Overwrought, overlong, and morally dubious, Tell Me Your Secrets is a forced, sleazy thriller with all the ridiculousness and depth of a daytime soap opera. It’s a series that so desperately wants to appear edgy, serious, and boundary pushing that it forgets almost any sense of craft and intelligence. If I’m wrong that series creator Harriet Warner’s show is meant to be taken seriously, and Tell Me Your Secrets is secretly a work of high camp, that’s even worse. Even on a “so bad it’s good” level, Tell Me Your Secrets is too nasty, morally repugnant, and painfully convoluted for this to be any fun. It fails to thrill. It fails to move. It fails to be ironically watchable. It fails to even induce anger outside of how shockingly bad it is. It just plain fails.

Karen Miller (Lily Rabe) has just been released from a Texas prison for her role in a murder spree conducted by her serial killer ex-boyfriend, Kit Parker (Xavier Samuel).

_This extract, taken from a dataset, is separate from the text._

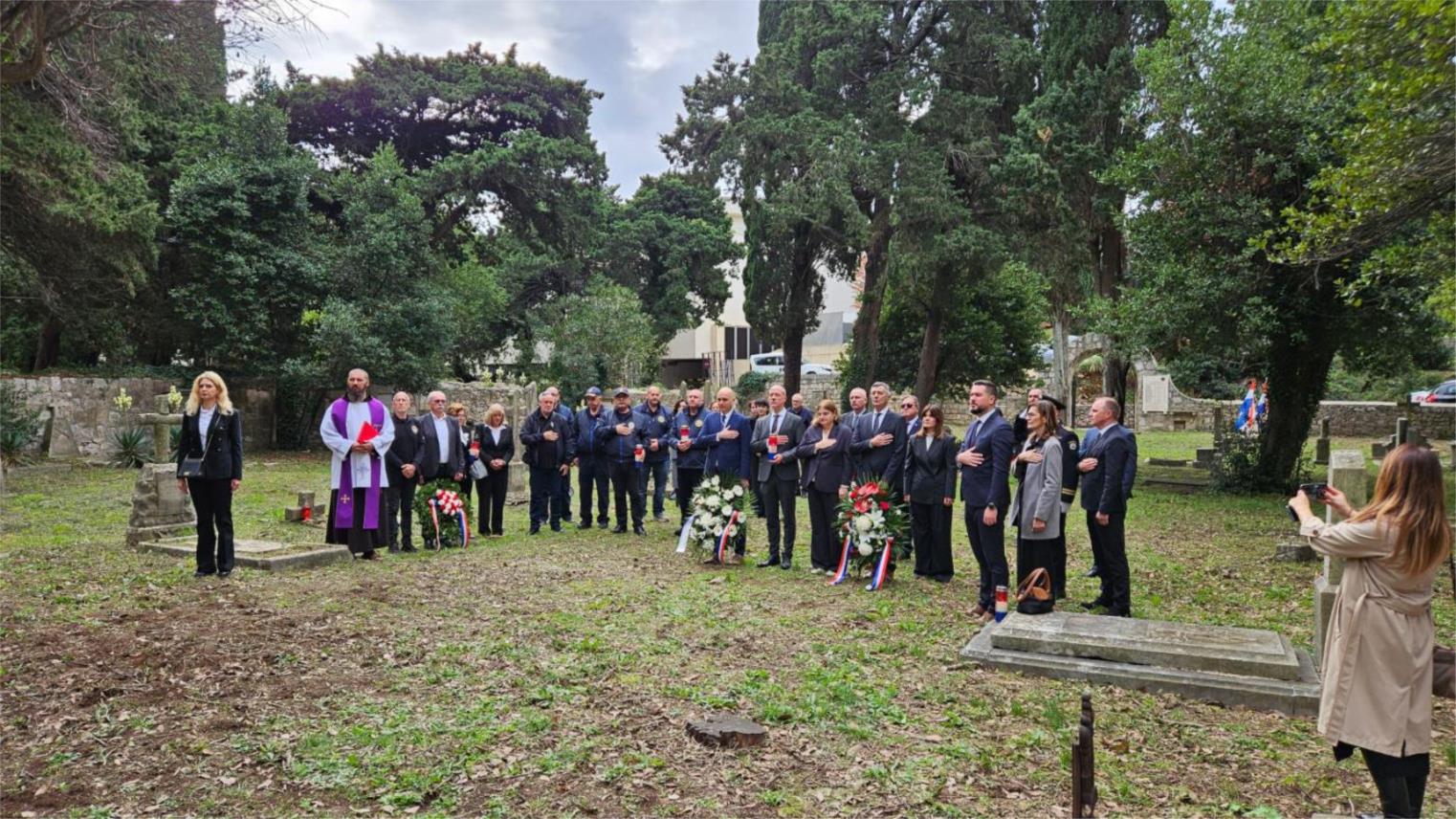 Položeni vijenci za poginule branitelje i civile u Dubrovniku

Karen has moved on from Kit, showed remorse, and with the help of her shrink (Enrique Murciano), she’s ready to start a new life in the sleepy bayou community of St. James, Louisiana under her new name, Emma Hall. Haunted by memories of the past and as the result of someone gaslighting her, Karen gets unwittingly caught up in the small town’s history of missing and murdered young women. Because of her past, Karen becomes a target and suspect in crimes she never took part in. But there are bigger troubles on the horizon in the form of Mary Barlow (Amy Brenneman), a mother of a young woman who went missing and was presumed to be one of Kit and Karen’s victims. Seven years after her daughter Theresa (Stella Barlow) disappeared and can now be considered legally dead by authorities, Mary has become more determined than ever to get to the bottom of things. Mary is so determined that she hires a recently released serial rapist looking to go straight, named John Tyler (Hamish Linklater), to find Karen and bring her back to Texas for some personal questioning.

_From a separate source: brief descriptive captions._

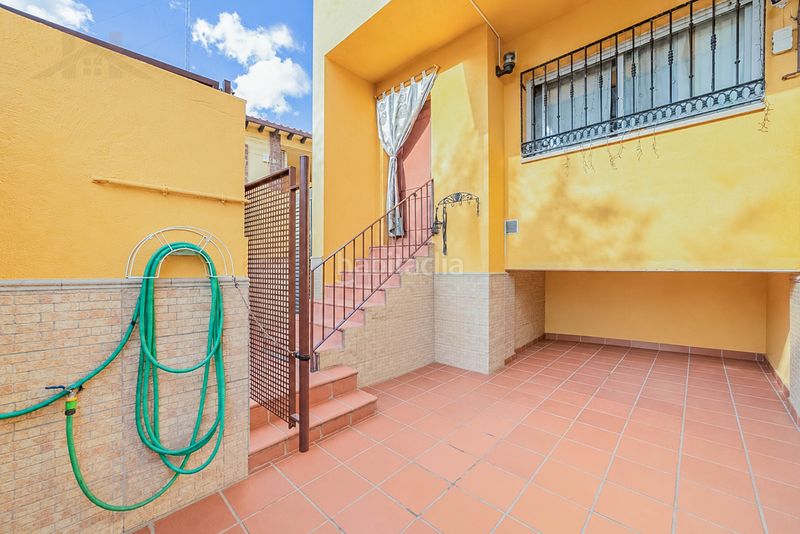 Foto beea5009-28e2-498c-8a41-08d3f015dd06. Casa pareada en venta: espectacular chalet pareado con amplia azotea, patio y trastero en Seseña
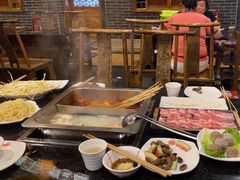 -百年川椒重庆老火锅(光谷店)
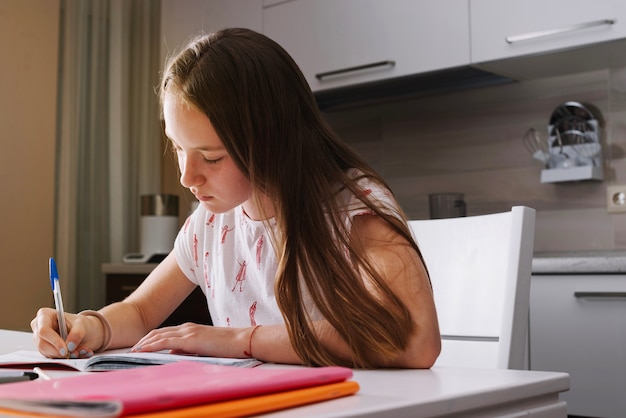 Geconcentreerd meisje thuis studeren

Tell Me Your Secretswhich was picked up by Amazon after TNT very, very wisely passed on the series – starts in an uncomfortable and decidedly unentertaining place and quickly devolves into a cavalcade of hammy performances, obvious red herrings, introductions of psychics and Bayou mysticism, unnecessary time shifting for the sake of big reveals that could be handled better, and far too much plot for a single mystery to handle. From the first episode until the season finale, Tell Me Your Secrets keeps piling on new characters and subplots that distract from something that could have been a dark and somewhat inspired thriller. Around the time Karen starts shacking up with a kindly local cop (Marque Richardson) and striking an unlikely friendship with the bullying daughter of the town’s wealthiest and most connected family (Chiara Aurelia, tasked, unenviably, with playing one of the most inconsistently written and baffling characters in television history), Tell Me Your Secrets has left any pretense of cleverness behind in favour of throwing everything it can and hoping something sticks.

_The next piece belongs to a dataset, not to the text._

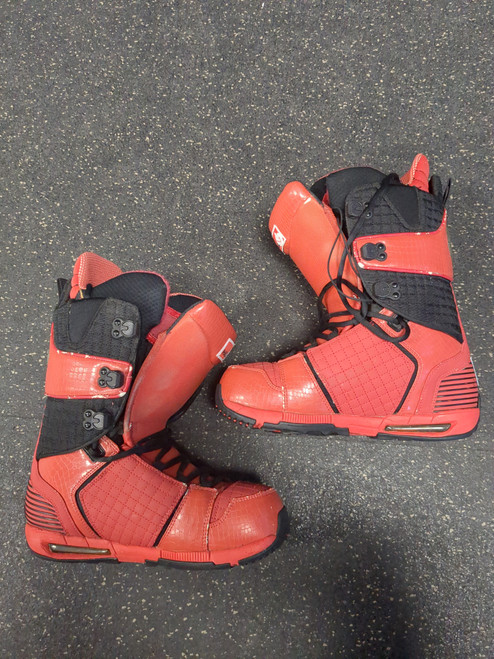 Used Burton HAIL Mens Snowboard Boots Red Senior 9 11821-S000028772 Vist Large View of Product Image Which is Used Burton HAIL Mens Snowboard Boots Red Senior 9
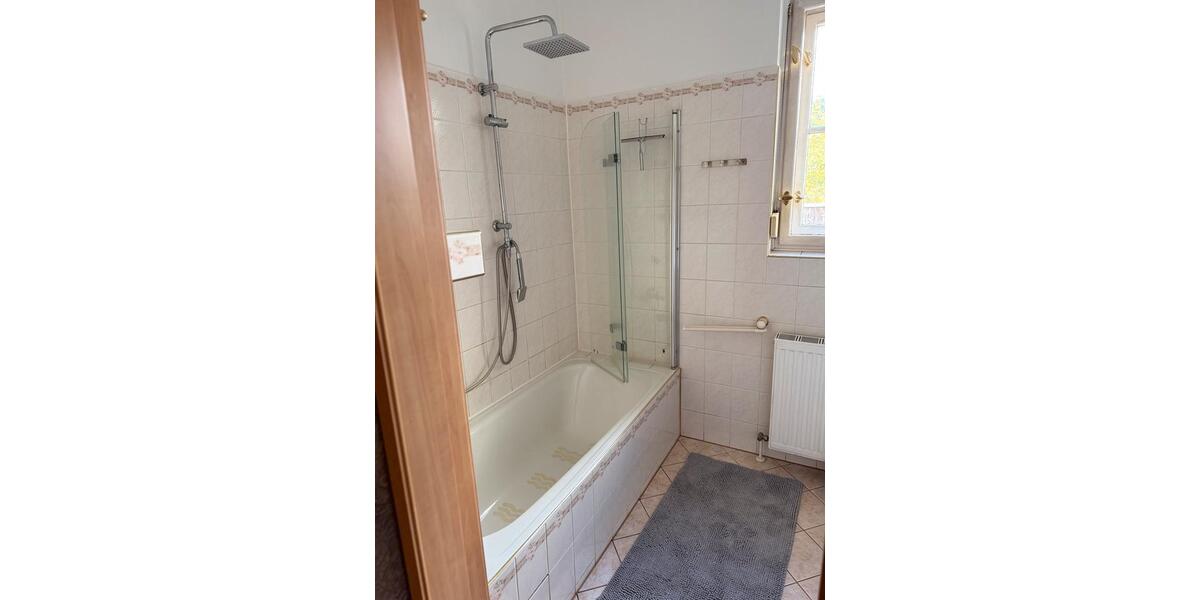 Wohnen auf Zeit Zossen - 3 Zimmer, 70 m&sup2;, 30&euro; | Angebot:23567883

From the outset, it’s clear where most of Warner’s work is heading, with a couple of key exceptions. (Admittedly, the ninth episode introduces a wrinkle that I wasn’t expecting, but just because I wasn’t expecting it doesn’t make it good.) A lot of energy is expended in trying to make the viewer wonder if Karen – with her faulty memory and checkered past – is secretly crazy. Karen is treated with such obvious disrespect – even by her alleged friends – that it scarcely matters. If she’s telling the truth and she isn’t involved with the new disappearances (tied to the local group home for wayward girls) or her boyfriend’s killings, Karen has suffered tremendously for no good reason at the hands of the ultimate villains. If she did all this stuff, everyone around her is already so loathsome that it’s all a moot point. Tell Me Your Secrets stumbles so early and often into logical and thematic traps that past the halfway point two things become apparent: none of this can wrap up in a single season and there’s no satisfying or logical conclusion in sight.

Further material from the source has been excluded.